Records supplied:
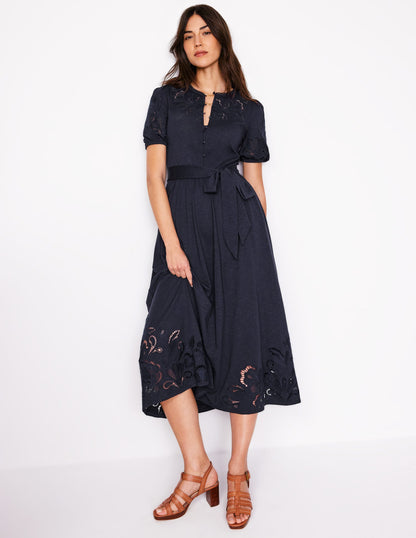 Cutwork Detail Midi Dress-Navy-1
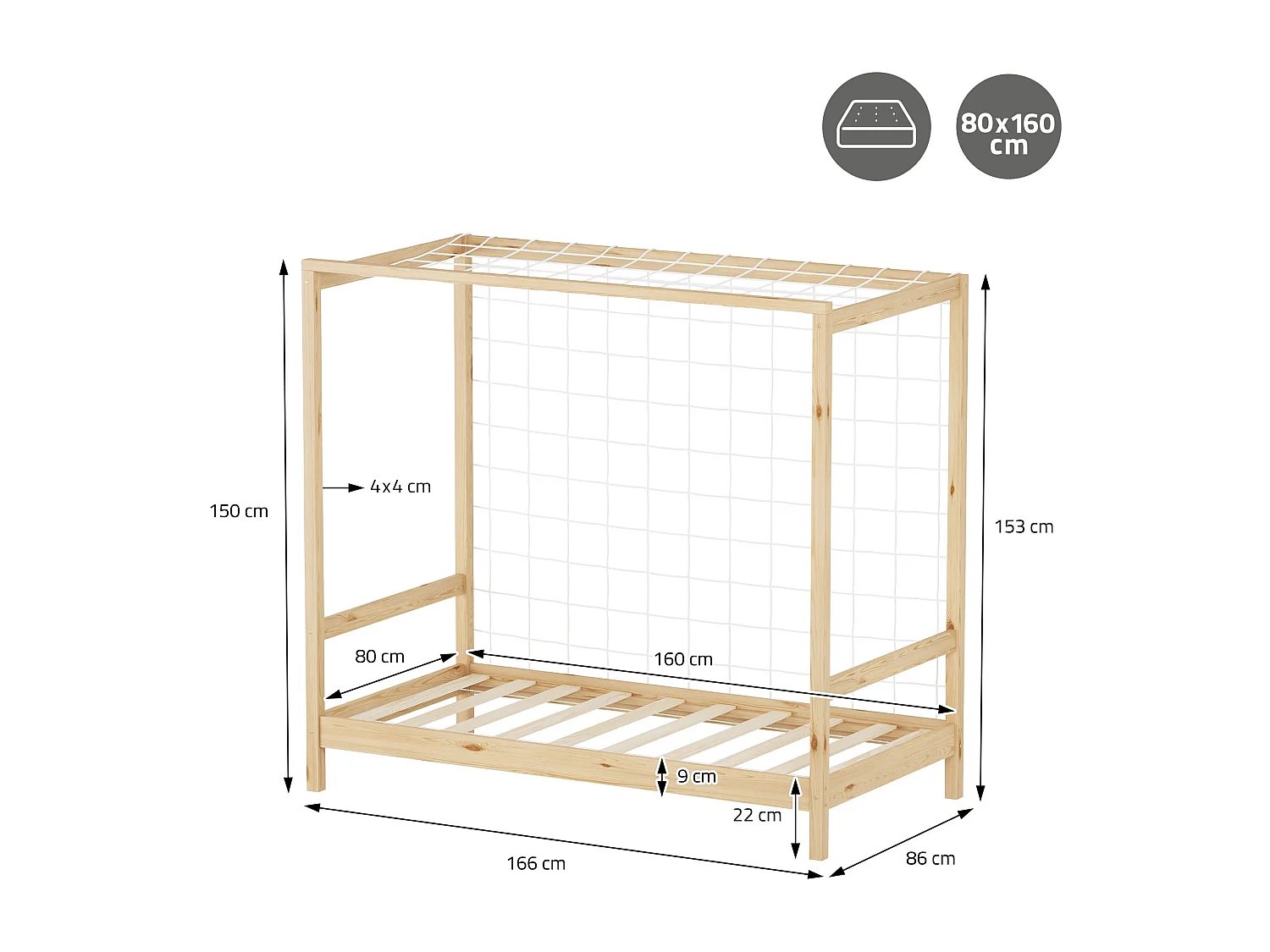 Lit d'enfant but de foot 80x160 cm naturel beige cadre bois de pin massif avec sommier à lattes cage de football et matériel de montage d'adolescent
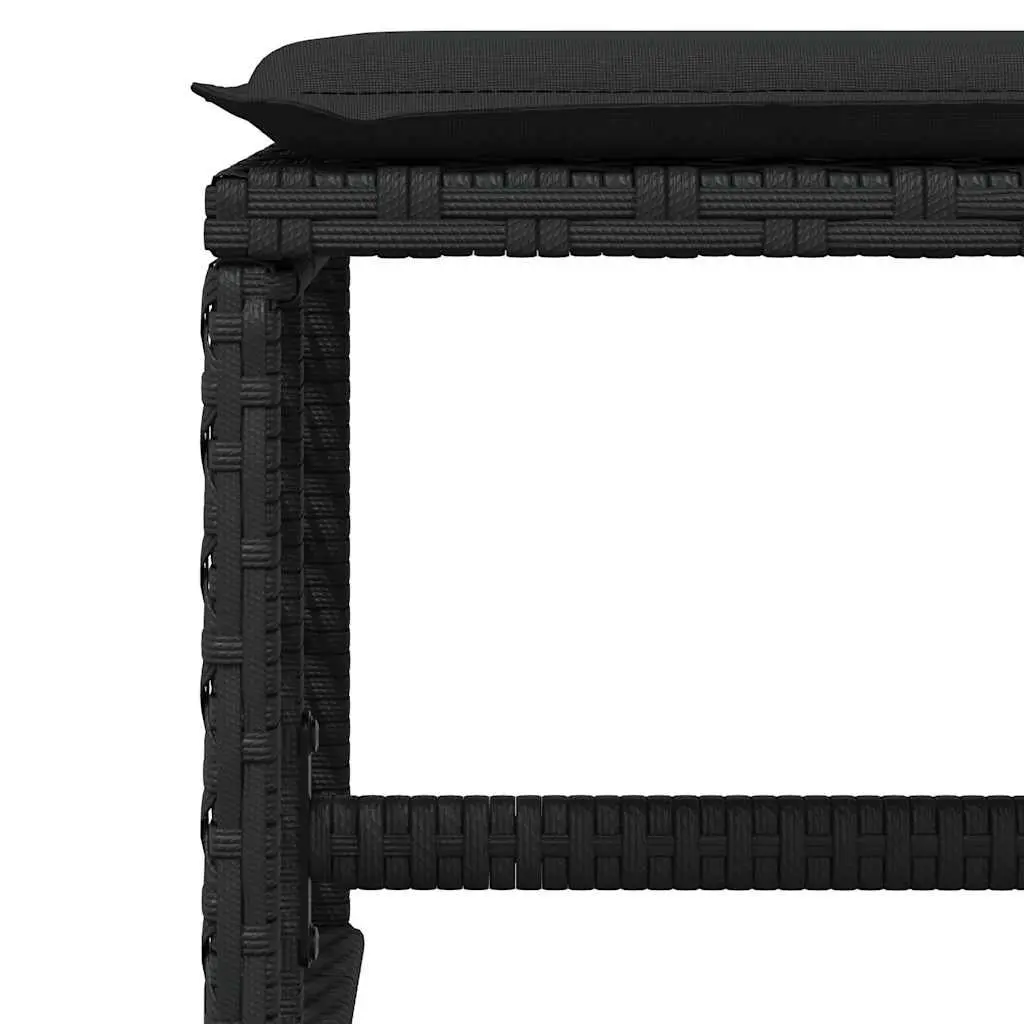 Outdoor Dining Set 9 Piece Garden Furniture Black Poly Rattan Cushioned Patio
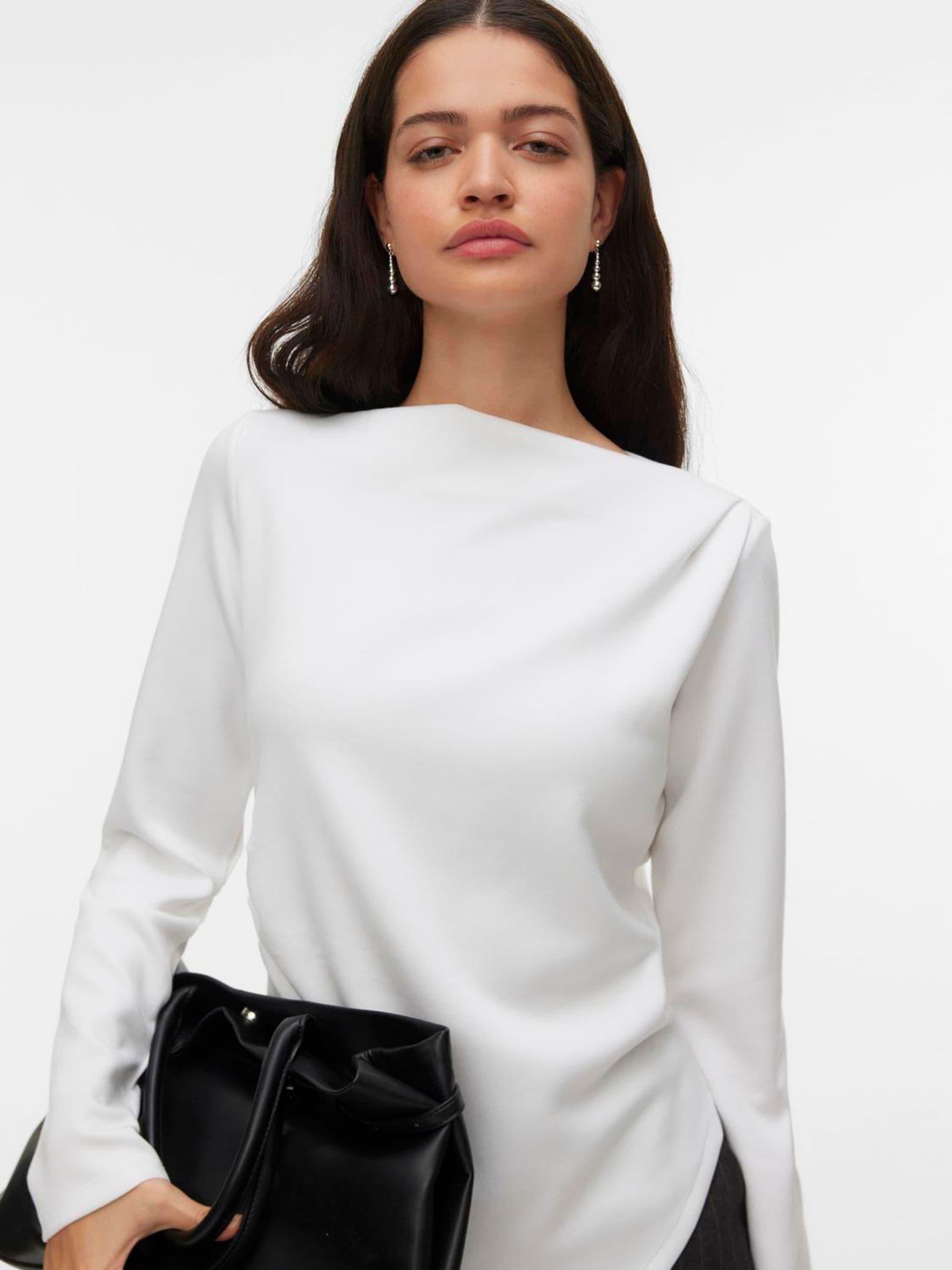 Buy Vero Moda White Long Sleeve Cinched Waist Boat Neck Top from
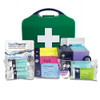 Reliance Medical Small Workplace First Aid Kit - Compliant, Essential Safety Supplies for Up to 25 People, Compact & Secure, Green, 1 Kit, with various first aid supplies including bandages, antiseptic wipes, and medical accessories arranged around a green first aid box.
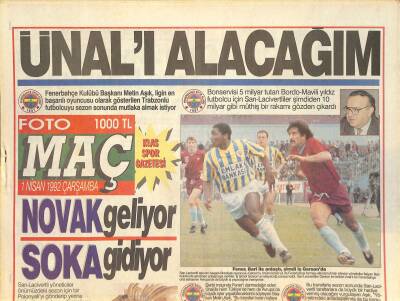 Fotomaç Gazetesi 1 Nisan 1992 - Koseckiden Mutluluk Şarkısı - Novak Geliyor Soka Gidiyor GZ126697 - 1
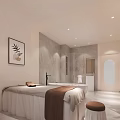 Luxury SPA Sauna Interior With White Bathtub Marble Walls And Soft Lighting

Exercise:
Find the line containing "Outdoor Dining Set" in the listing above. Please restate word for word that line through the last one, leaving out the pictures.

Written response:
 Outdoor Dining Set 9 Piece Garden Furniture Black Poly Rattan Cushioned Patio
 Buy Vero Moda White Long Sleeve Cinched Waist Boat Neck Top from
 Reliance Medical Small Workplace First Aid Kit - Compliant, Essential Safety Supplies for Up to 25 People, Compact & Secure, Green, 1 Kit, with various first aid supplies including bandages, antiseptic wipes, and medical accessories arranged around a green first aid box.
 Fotomaç Gazetesi 1 Nisan 1992 - Koseckiden Mutluluk Şarkısı - Novak Geliyor Soka Gidiyor GZ126697 - 1
 Luxury SPA Sauna Interior With White Bathtub Marble Walls And Soft Lighting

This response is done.